MATERIALS PROVIDED -
----
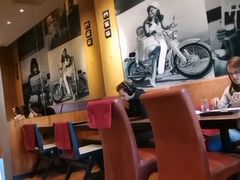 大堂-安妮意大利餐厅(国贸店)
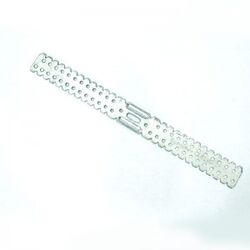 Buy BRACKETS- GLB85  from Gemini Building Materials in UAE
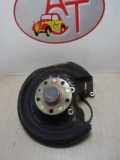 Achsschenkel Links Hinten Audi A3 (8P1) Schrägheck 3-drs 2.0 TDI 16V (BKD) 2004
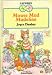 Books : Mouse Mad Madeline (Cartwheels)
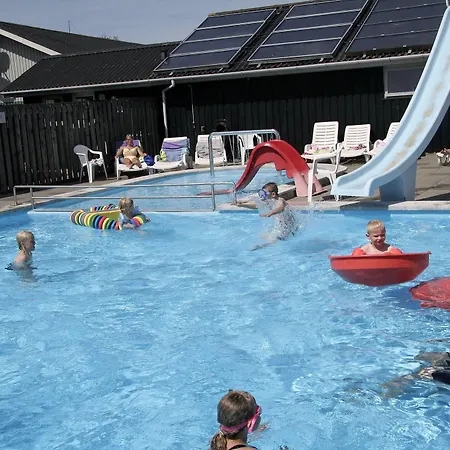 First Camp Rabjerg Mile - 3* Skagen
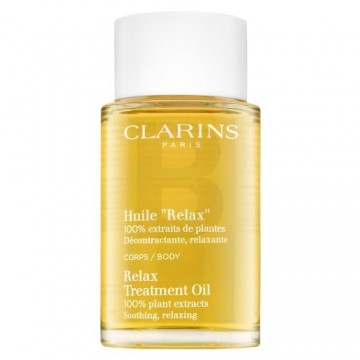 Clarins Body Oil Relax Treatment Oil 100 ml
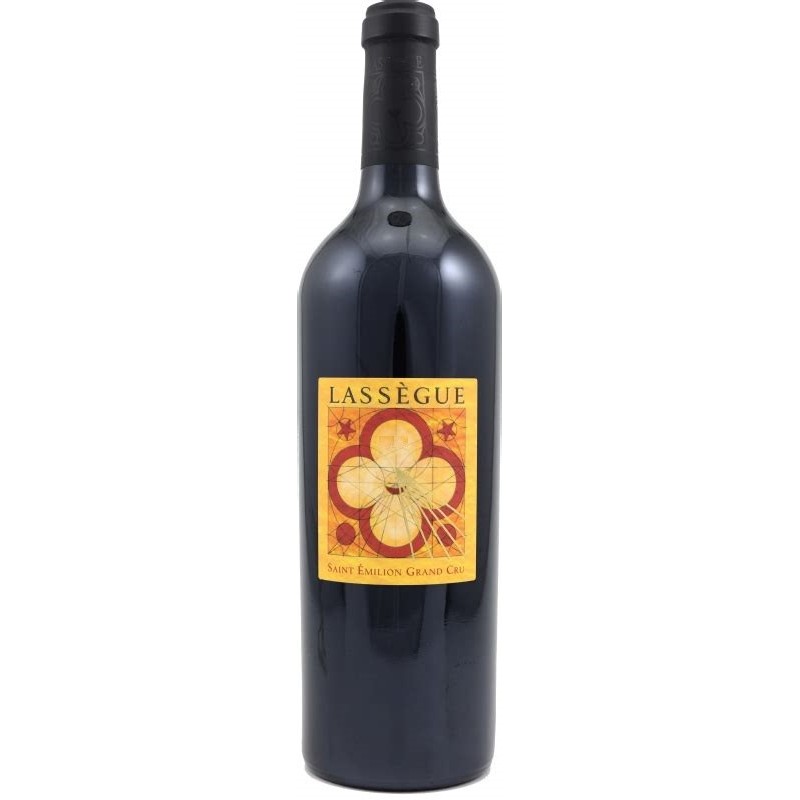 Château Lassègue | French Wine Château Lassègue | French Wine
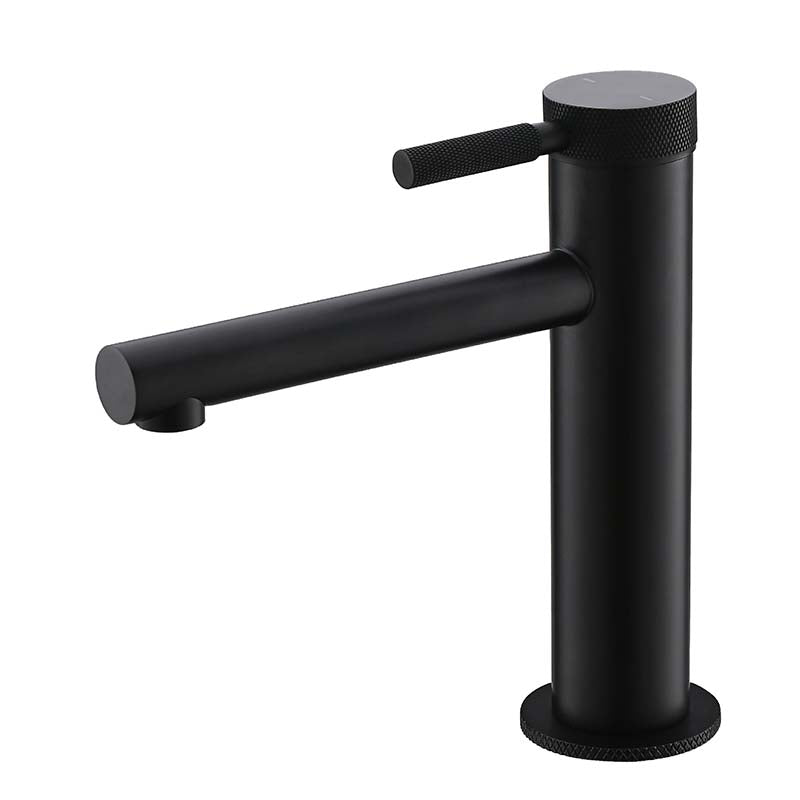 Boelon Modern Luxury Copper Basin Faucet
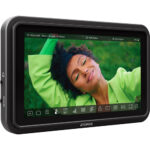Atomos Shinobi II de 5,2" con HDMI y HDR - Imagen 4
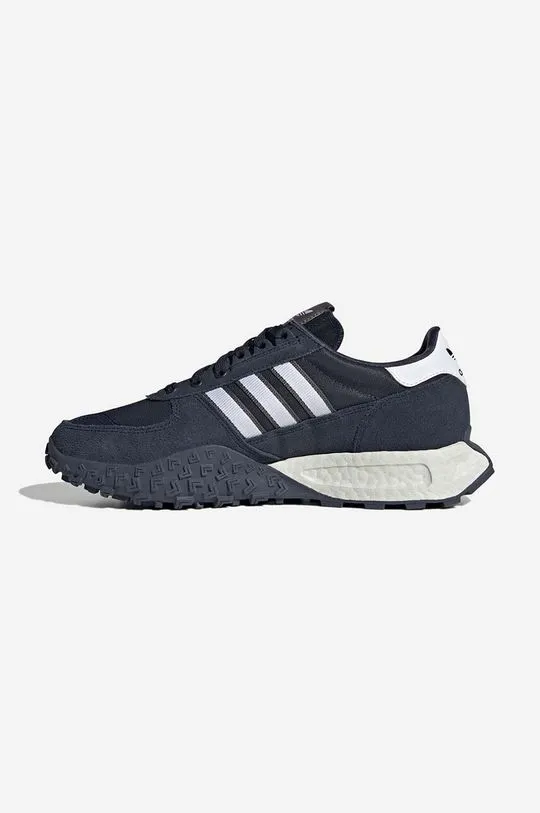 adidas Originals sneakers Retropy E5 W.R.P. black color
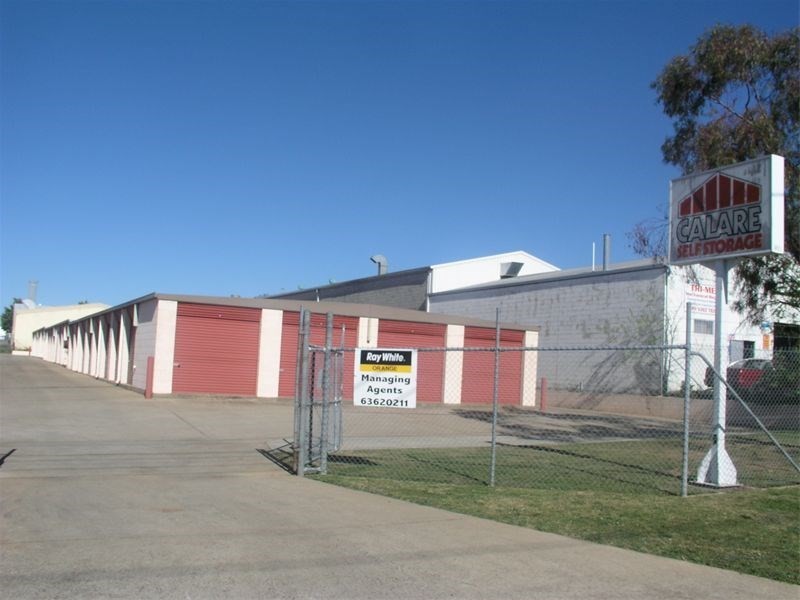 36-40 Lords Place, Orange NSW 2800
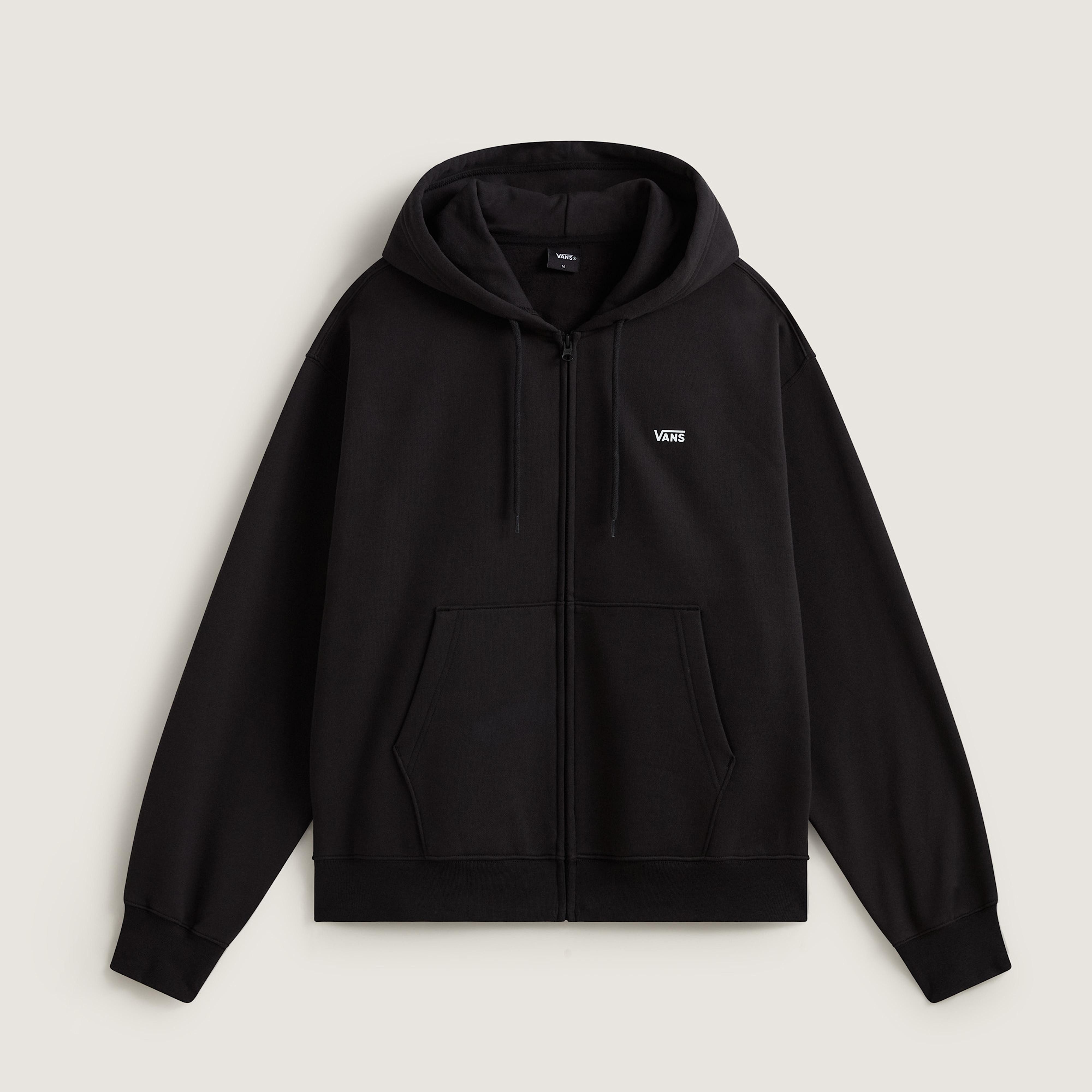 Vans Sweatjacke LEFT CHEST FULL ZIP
----
EXERCISE PROMPT - The answer must be the full listing above, copied exactly, with no pictures in it.

THE ANSWER -
 大堂-安妮意大利餐厅(国贸店)
 Buy BRACKETS- GLB85  from Gemini Building Materials in UAE
 Achsschenkel Links Hinten Audi A3 (8P1) Schrägheck 3-drs 2.0 TDI 16V (BKD) 2004
 Books : Mouse Mad Madeline (Cartwheels)
 First Camp Rabjerg Mile - 3* Skagen
 Clarins Body Oil Relax Treatment Oil 100 ml
 Château Lassègue | French Wine Château Lassègue | French Wine
 Boelon Modern Luxury Copper Basin Faucet
Atomos Shinobi II de 5,2" con HDMI y HDR - Imagen 4
 adidas Originals sneakers Retropy E5 W.R.P. black color
 36-40 Lords Place, Orange NSW 2800
 Vans Sweatjacke LEFT CHEST FULL ZIP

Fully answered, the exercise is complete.